Top of Records for this exercise

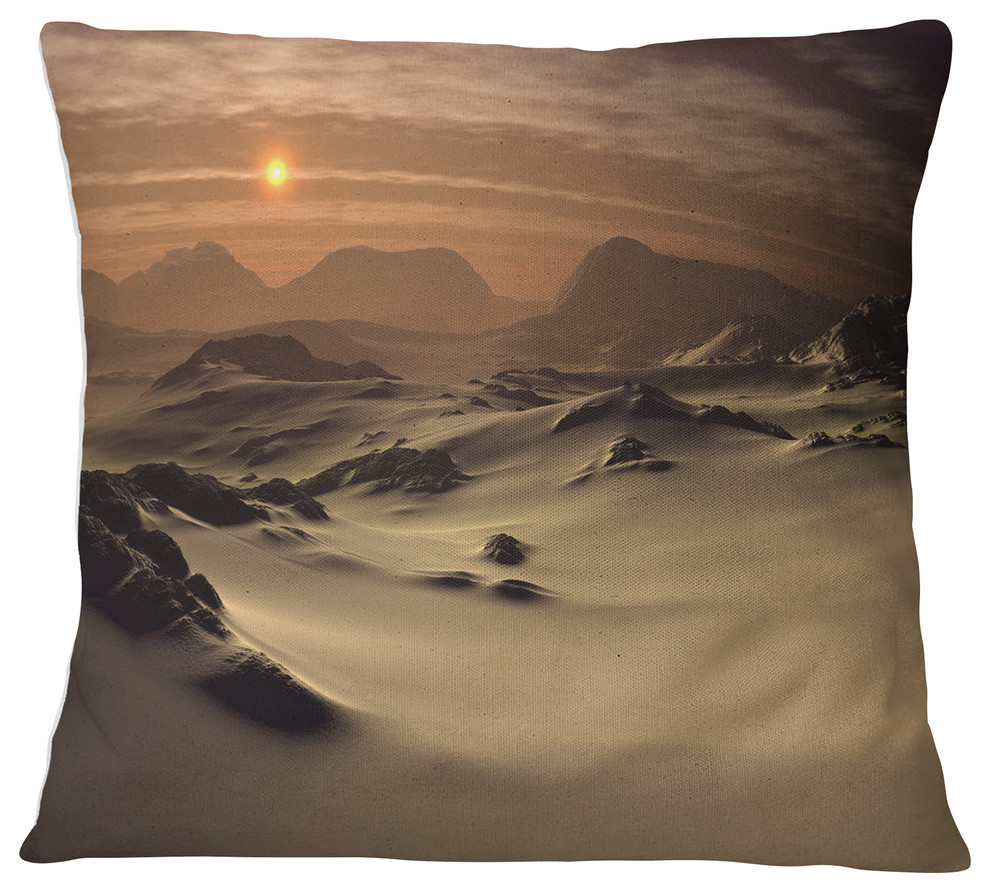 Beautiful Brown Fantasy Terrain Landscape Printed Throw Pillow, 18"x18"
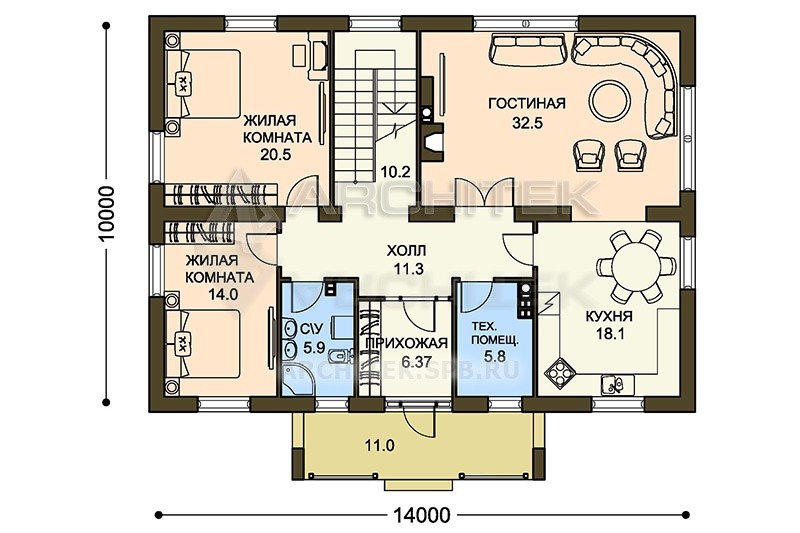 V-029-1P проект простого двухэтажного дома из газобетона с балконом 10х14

Bottom of Records for this exercise
Top of Records for this exercise

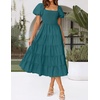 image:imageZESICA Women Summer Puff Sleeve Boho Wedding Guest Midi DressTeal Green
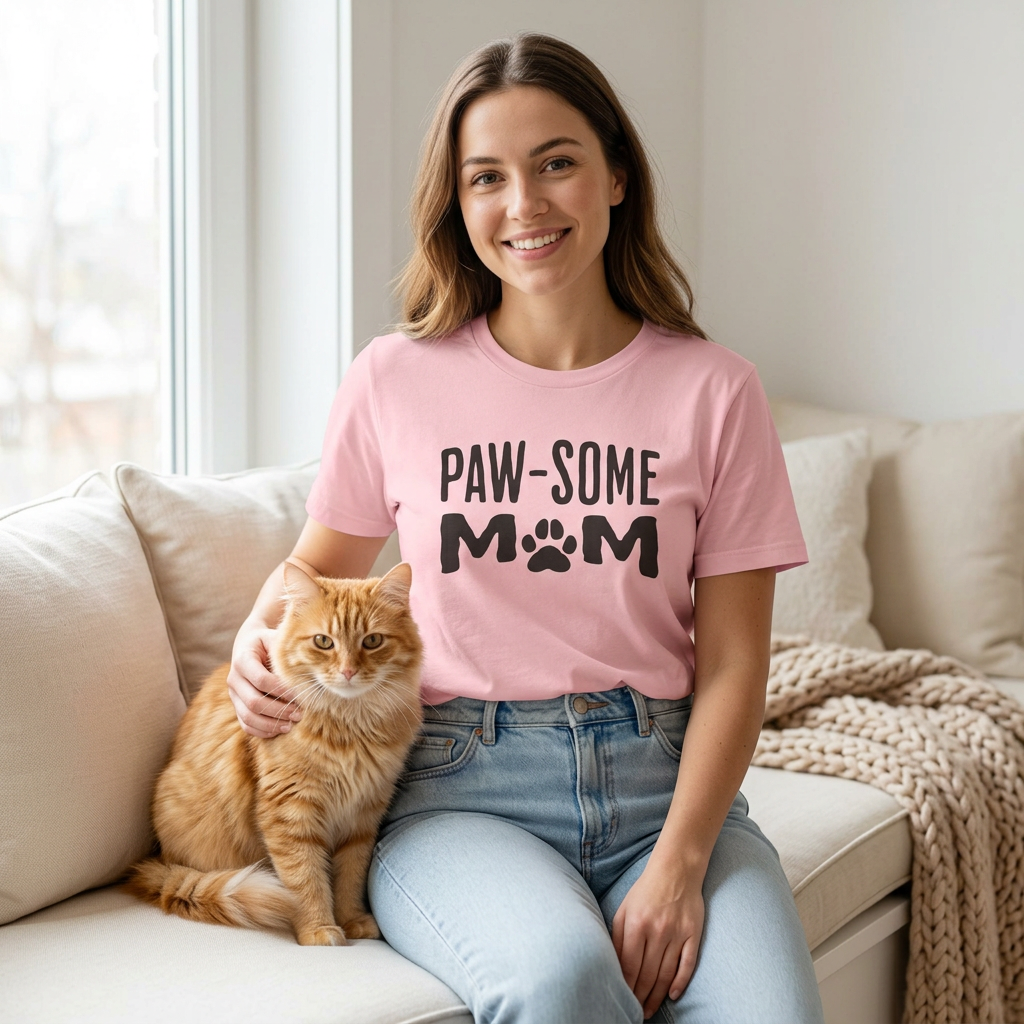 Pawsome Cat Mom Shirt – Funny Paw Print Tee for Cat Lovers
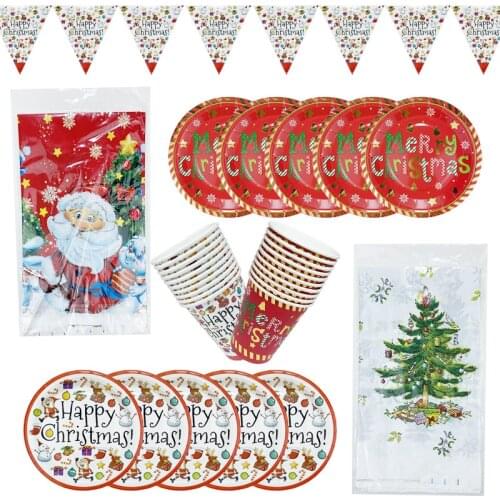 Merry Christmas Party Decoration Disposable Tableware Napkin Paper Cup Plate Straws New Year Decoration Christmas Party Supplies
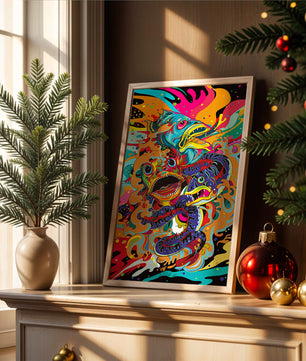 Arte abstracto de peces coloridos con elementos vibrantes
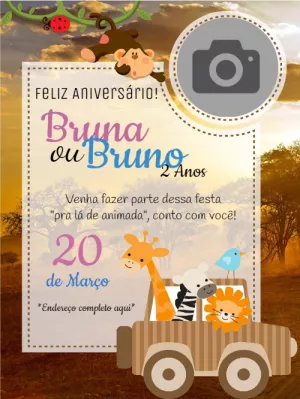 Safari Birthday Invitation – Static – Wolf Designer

Bottom of Records for this exercise

**Action item:**
Would you set down only the lines above from the line with "Beautiful Brown Fantasy" to the line with "V-029-1P проект простого", both included, exactly as they stand and without the pictures?

**Response:**
 Beautiful Brown Fantasy Terrain Landscape Printed Throw Pillow, 18"x18"
 V-029-1P проект простого двухэтажного дома из газобетона с балконом 10х14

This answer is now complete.